To do »
The material below holds the lines to copy: from the one with "Quinta Do Vallado" up to and including the one with "Similar image 13153030". Copy them exactly and skip the pictures.

Exercise data »
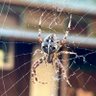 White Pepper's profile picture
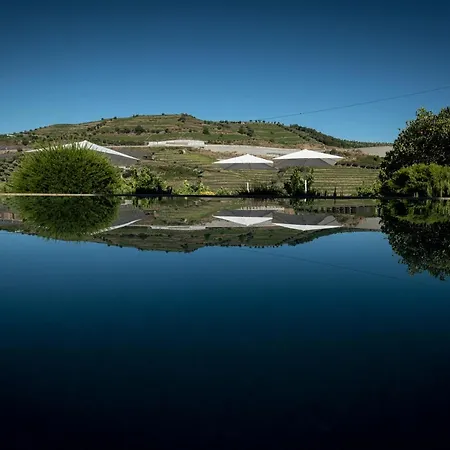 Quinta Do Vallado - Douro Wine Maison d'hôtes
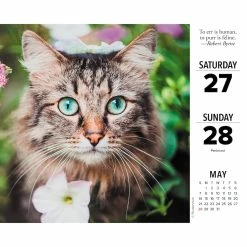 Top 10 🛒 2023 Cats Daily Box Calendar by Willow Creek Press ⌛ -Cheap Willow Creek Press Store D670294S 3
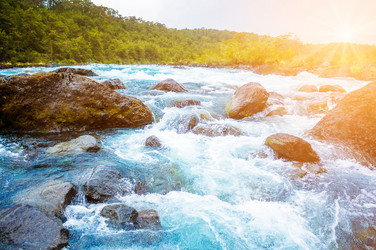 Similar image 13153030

* * *

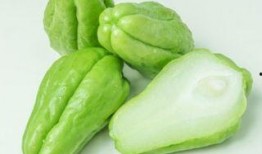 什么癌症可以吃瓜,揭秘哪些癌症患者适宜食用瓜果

==

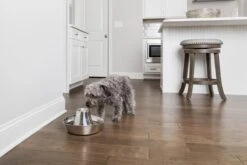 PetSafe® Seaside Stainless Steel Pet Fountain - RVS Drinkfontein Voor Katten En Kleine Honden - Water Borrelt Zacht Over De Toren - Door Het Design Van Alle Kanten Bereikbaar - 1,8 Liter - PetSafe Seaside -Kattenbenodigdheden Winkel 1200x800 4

Response to the exercise »
 Quinta Do Vallado - Douro Wine Maison d'hôtes
 Top 10 🛒 2023 Cats Daily Box Calendar by Willow Creek Press ⌛ -Cheap Willow Creek Press Store D670294S 3
 Similar image 13153030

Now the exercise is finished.